**Instructions to follow**
An exact transcription of every record is needed, leaving out the pictures.

[Items listed in a dataset]
_____

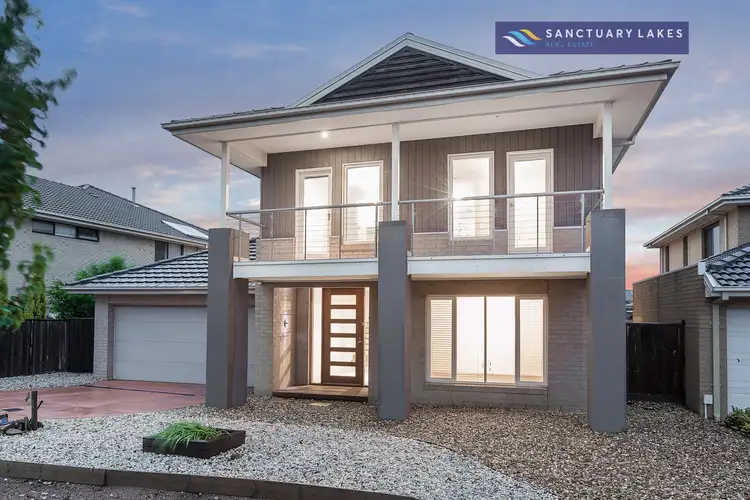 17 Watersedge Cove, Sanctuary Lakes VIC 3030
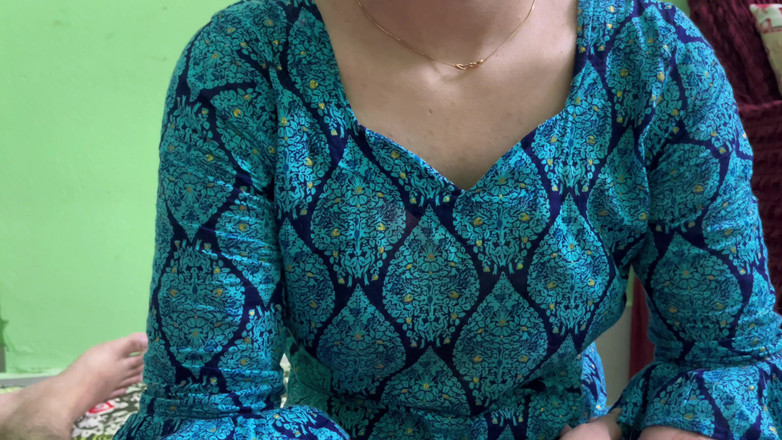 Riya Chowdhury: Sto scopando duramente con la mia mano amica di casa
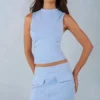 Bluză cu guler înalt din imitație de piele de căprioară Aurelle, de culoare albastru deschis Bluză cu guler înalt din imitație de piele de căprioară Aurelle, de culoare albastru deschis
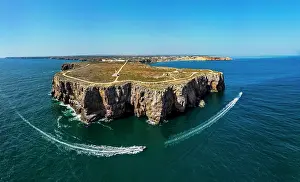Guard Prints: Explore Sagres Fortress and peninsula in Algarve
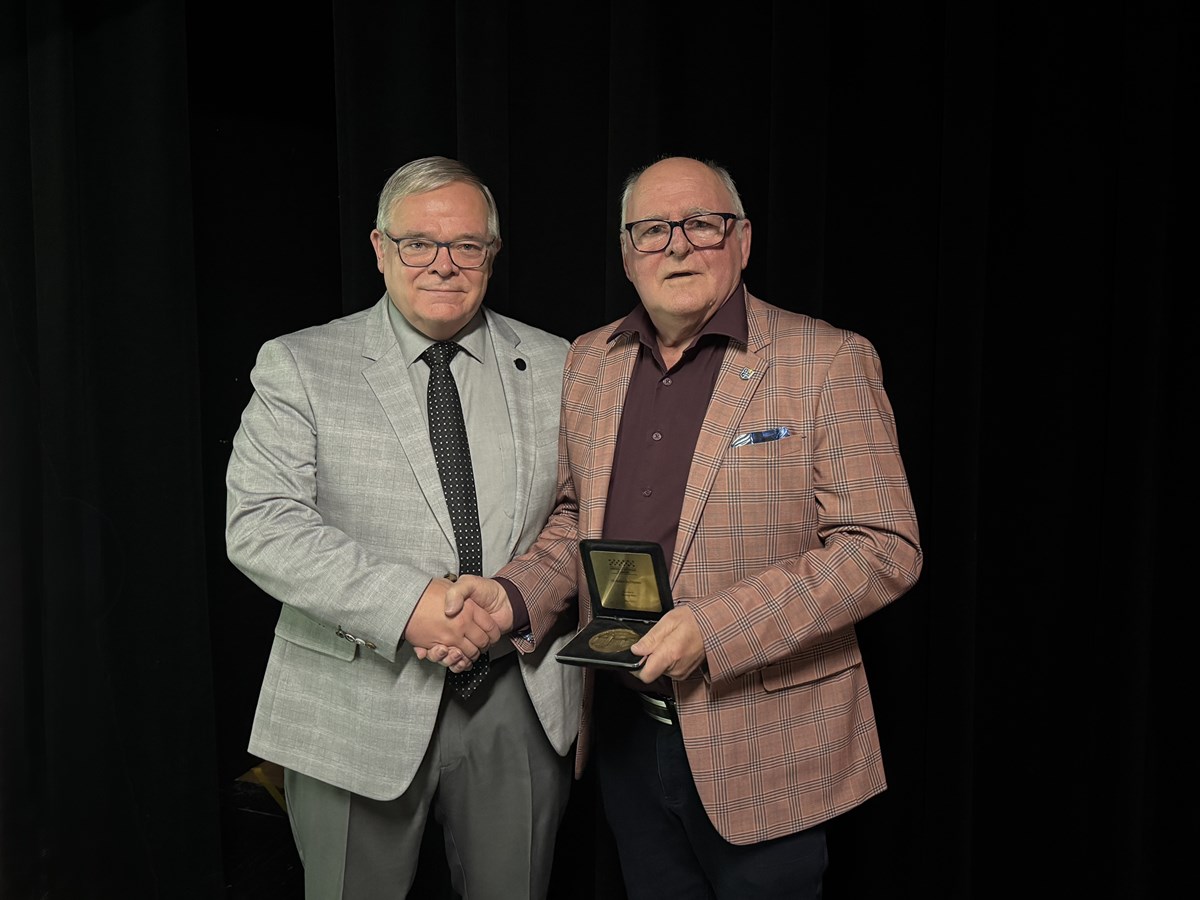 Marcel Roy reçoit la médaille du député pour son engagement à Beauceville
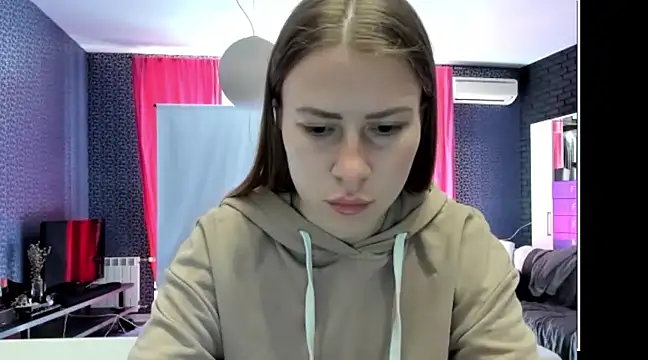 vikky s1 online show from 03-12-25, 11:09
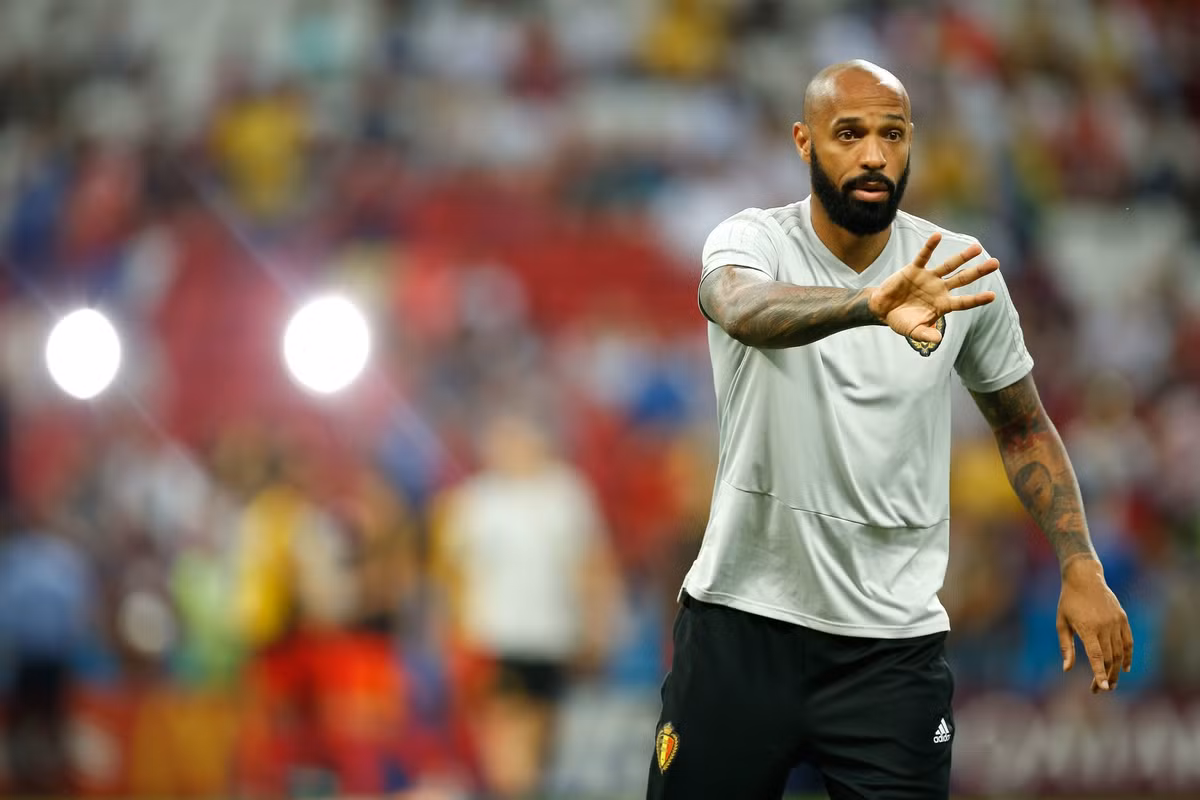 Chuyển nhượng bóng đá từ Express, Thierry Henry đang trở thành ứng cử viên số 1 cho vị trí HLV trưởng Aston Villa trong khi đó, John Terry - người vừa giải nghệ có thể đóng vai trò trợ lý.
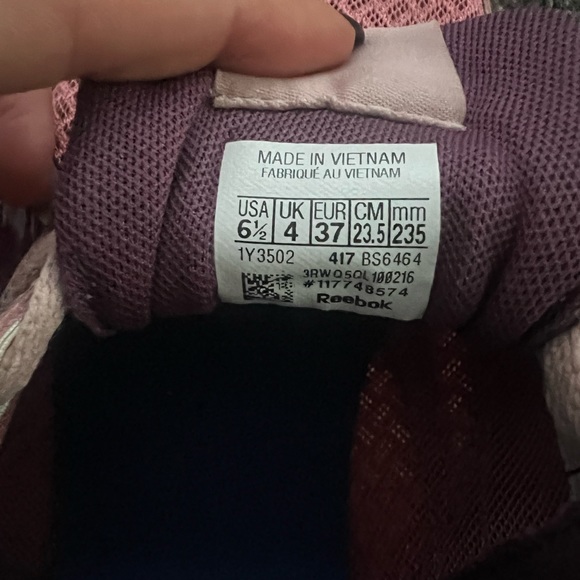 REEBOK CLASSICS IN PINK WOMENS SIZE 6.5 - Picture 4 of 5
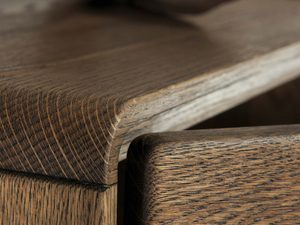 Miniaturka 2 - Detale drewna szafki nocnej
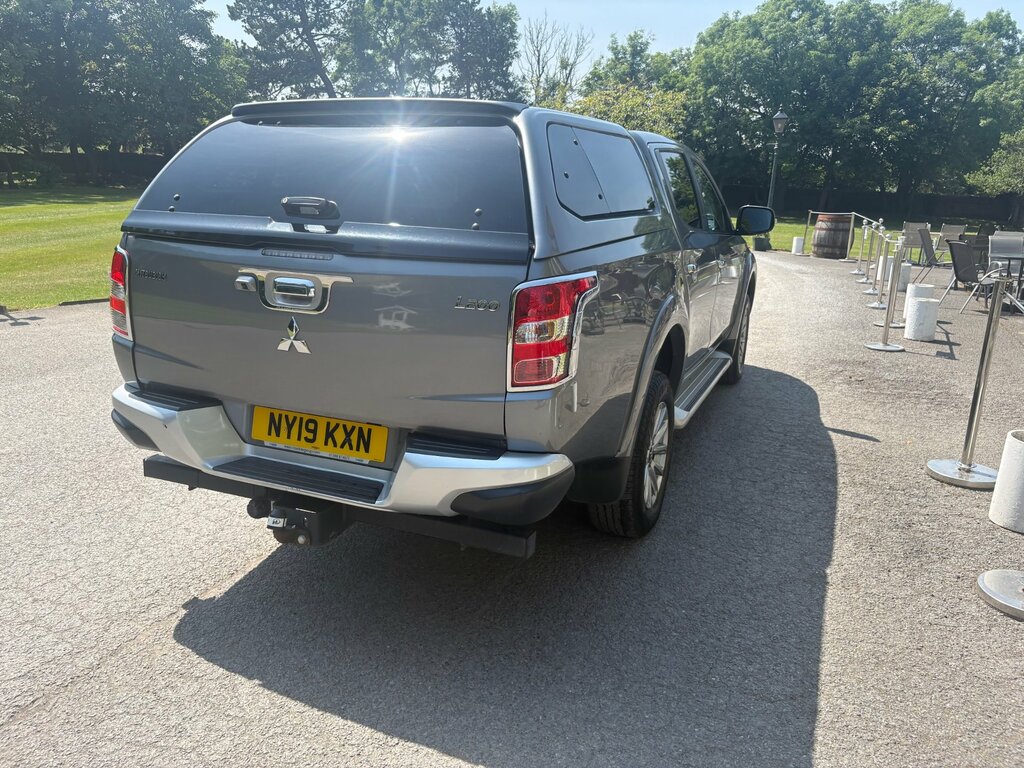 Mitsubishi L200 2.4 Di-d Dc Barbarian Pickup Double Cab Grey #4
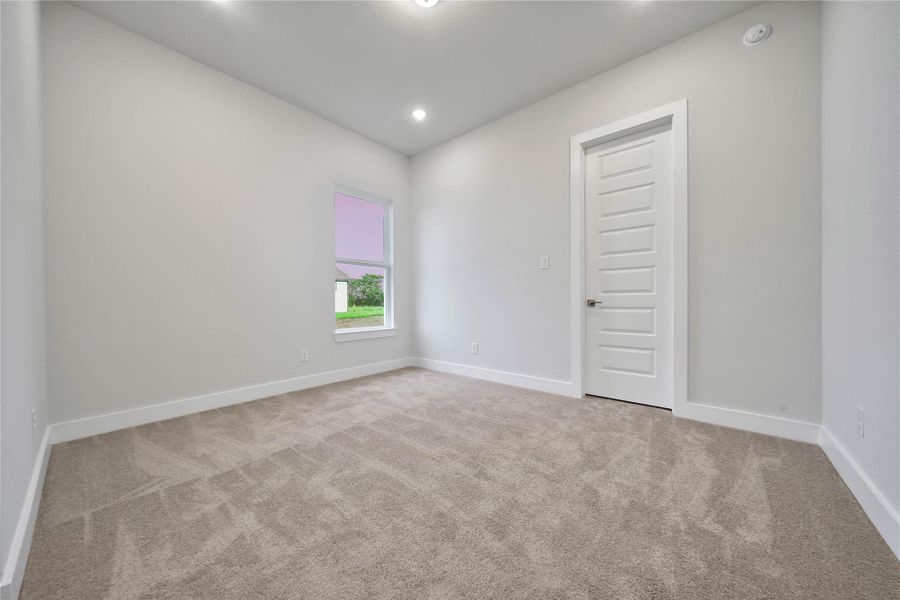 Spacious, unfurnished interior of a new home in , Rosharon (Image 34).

_____

**Output**
 17 Watersedge Cove, Sanctuary Lakes VIC 3030
 Riya Chowdhury: Sto scopando duramente con la mia mano amica di casa
 Bluză cu guler înalt din imitație de piele de căprioară Aurelle, de culoare albastru deschis Bluză cu guler înalt din imitație de piele de căprioară Aurelle, de culoare albastru deschis
Guard Prints: Explore Sagres Fortress and peninsula in Algarve
 Marcel Roy reçoit la médaille du député pour son engagement à Beauceville
 vikky s1 online show from 03-12-25, 11:09
 Chuyển nhượng bóng đá từ Express, Thierry Henry đang trở thành ứng cử viên số 1 cho vị trí HLV trưởng Aston Villa trong khi đó, John Terry - người vừa giải nghệ có thể đóng vai trò trợ lý.
 REEBOK CLASSICS IN PINK WOMENS SIZE 6.5 - Picture 4 of 5
 Miniaturka 2 - Detale drewna szafki nocnej
 Mitsubishi L200 2.4 Di-d Dc Barbarian Pickup Double Cab Grey #4
 Spacious, unfurnished interior of a new home in , Rosharon (Image 34).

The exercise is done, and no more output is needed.